26.12.05

Damascos

- Mas Maria Cláudia, o que foi que eu fiz? Não me olha assim!!
Não era de se esperar que Carlos fizesse alguma coisa errada.
-Um sujeito promissor, esse Carlos. - era constantemente abordado.
Educado nas melhores escolas, apreciador das belas artes, fluente falante de quatro línguas, amante dos livros. Funcionário exemplar e empenhado, em constante desenvolvimento. Promissor, esse rapaz Carlos. Maria Claúdia nada tinha do que reclamar também. Nos restaurantes, pagava a conta; no carro, abria a porta. A fim de evitar atritos, para o sogro era Vasco, para a namorada fã de Caetano. E, ah, que olhos!
Maria Cláudia era filha do dono da empresa de engenharia na qual Carlos trabalhava. Mas não pense você que era essa a "promessa" de Carlos. Não fazia seu feitio. Querido pelos colegas de trabalho, adorado pelas vizinhas idosas. Apartamento próprio e decorado no Leblon. Carro zero e coleção de Cds completa dos Bee Gees.
Carlos e Maria Cláudia se conheceram em uma festa da empresa, cuja nova filial estava sendo inaugurada em Cabo Frio. Traje de gala. Carlos ficou muito bem de terno com a gravata escolhida pela mãe e elogiada por Maria Cláudia - cor de damasco, que excêntrico, contrasta com seus olhos!
O que poderia ter Carlos errado? Estavam de volta a Cabo Frio, três exatos anos após a festa de inauguração. Coincidência? Claro que não. Conseguira suadamente reservas para o dia 18 de maio no hotel e restaurante que Maria Cláudia tanto gostava, e tinha um propósito.

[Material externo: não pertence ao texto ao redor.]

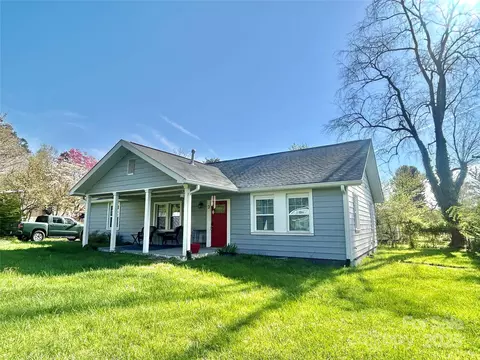 3 Moody Ave, Candler, NC 28715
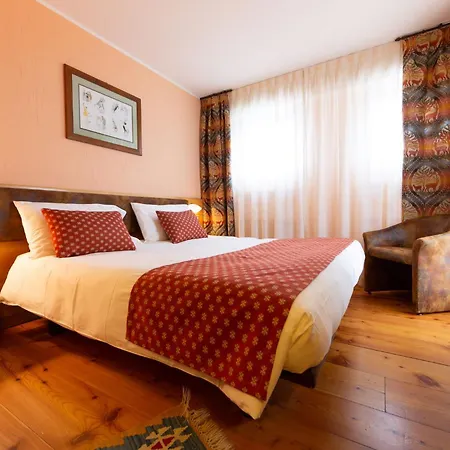 Hotel Bouton D'or -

Escondera o propósito (de brilhantes, escolhido pela mãe, ainda não elogiado por Maria Cláudia) na musse de damasco, contratara um quarteto de cordas para tocar a mesa. Dois violonistas, uma bonita mulher na viola, um violoncelista com um grande bigode ruivo-damasco acompanhado do caótico invasor da tuba. (Veríssimo mandou lembranças.) Clichê, é verdade. Mas criatividade ou originalidade não faziam o feitio de Carlos, funcionário promissor, marido promissor. Não se ajoelhara, é fato. Como se fizesse diferença... Será que era isso? Só podia ser, porque, apesar de assitir o especial do Roberto Carlos no fim de ano e ter uma orelha ligeiramente díspare da outra, Carlos não fazia o feitio do cara a ser dispensado na frente dos músicos do Recital de Veríssimo, em Cabo Frio, ao gosto azedo de damasco. Maria Cláudia devia se explicar.

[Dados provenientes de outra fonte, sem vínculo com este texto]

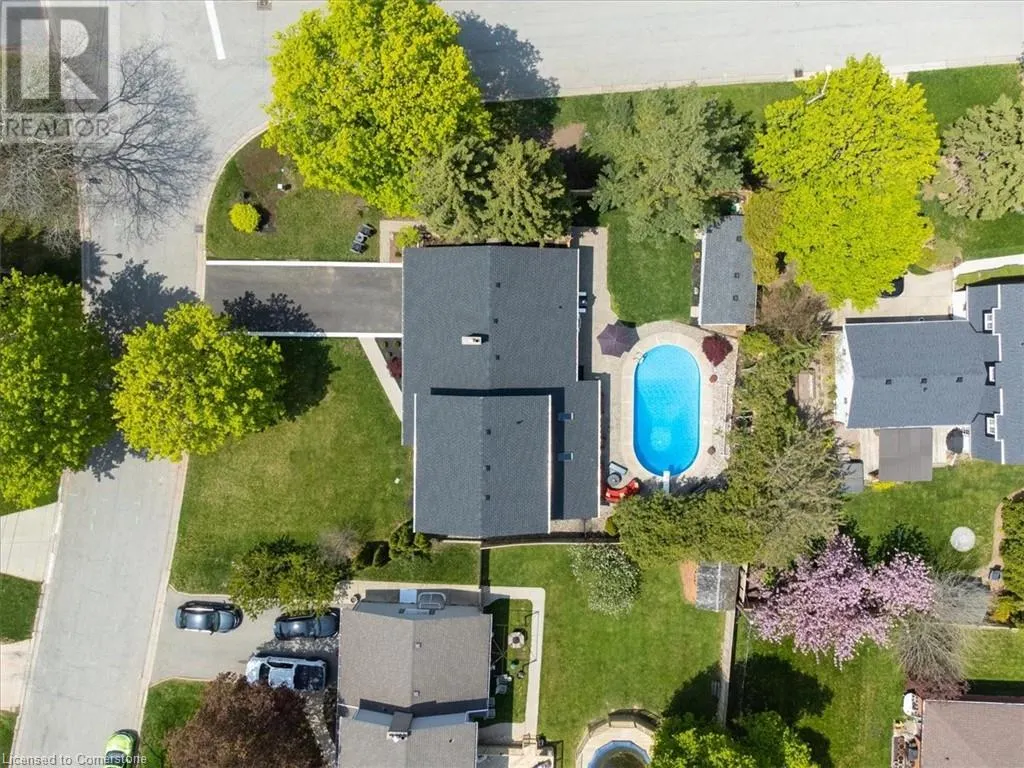 83 DORCHESTER Drive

Ela ainda o fitava atônita, o anel na colher, musse de damasco na boca. Bom, ela não esngasgou, ou o engoliu, pensou aliviado, isso daria um trabalho... lavagem estomacal, e eu ando sem tempo para hospitais...
- Damascos, Carlos, damascos... - falou suspirando.

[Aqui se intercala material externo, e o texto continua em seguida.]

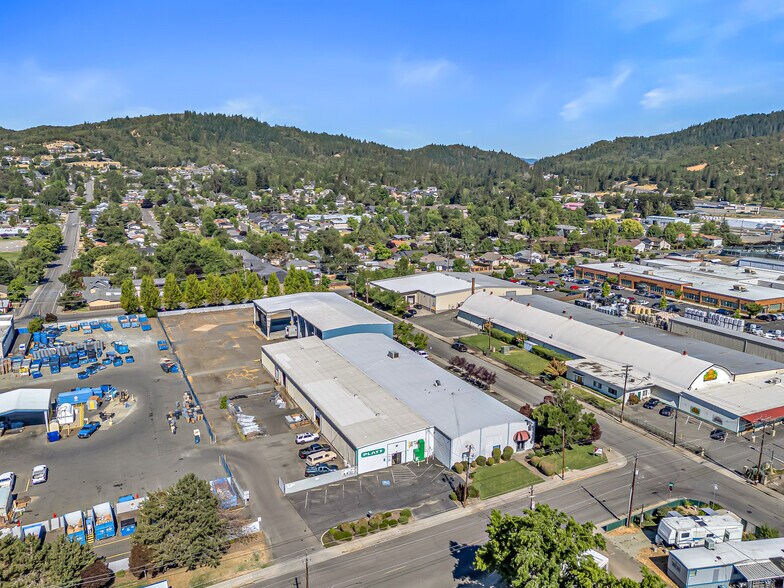 1990 NW Washington Blvd, Grants Pass, OR à vendre - Photo du bâtiment - Image 3 de 33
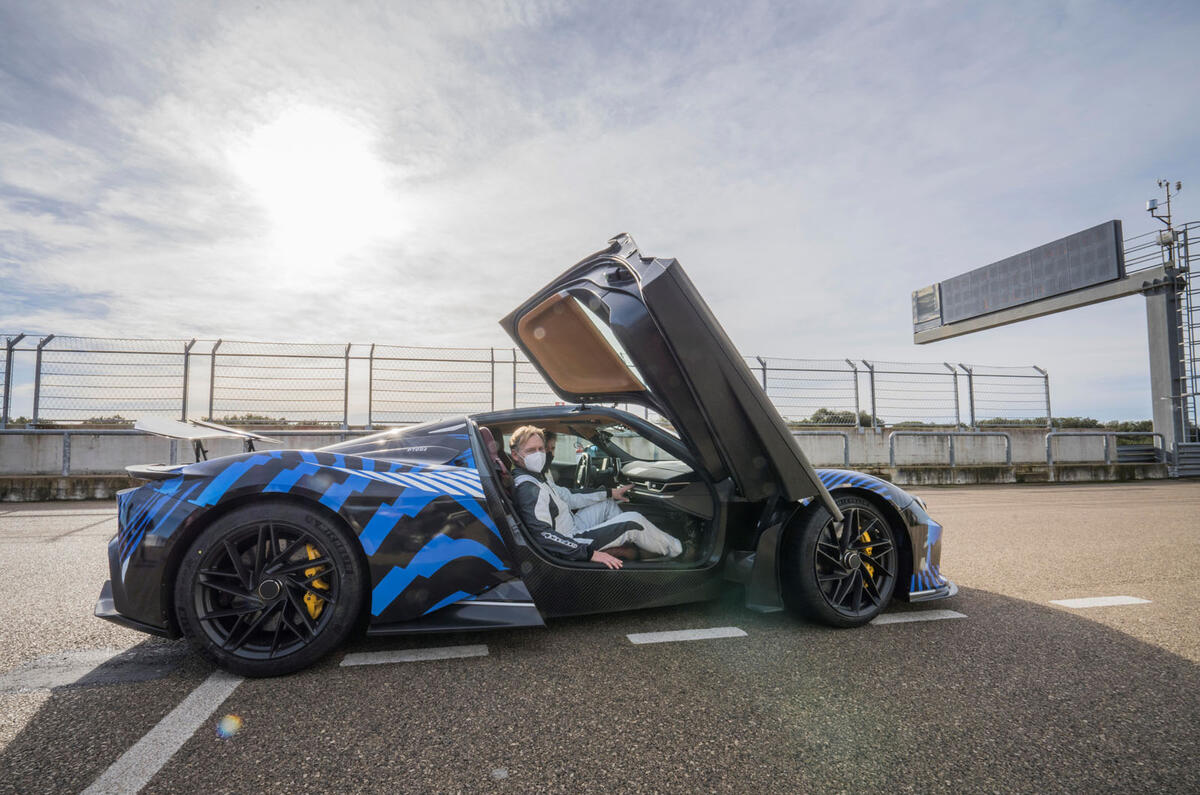 90 Pininfarina Battista first ride 2021 GK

- Eu sei, meu amor, é o seu preferido.
- Damaaaaas...
Cabeça na taça de damasco. Damasco maculando a toalha branca de seda. O rebelde da tuba solta um gritinho de horror.
Não era o preferido. Era o corante letalmente alérgico. Boa memória não era do feitio de Carlos, o então homicida promissor.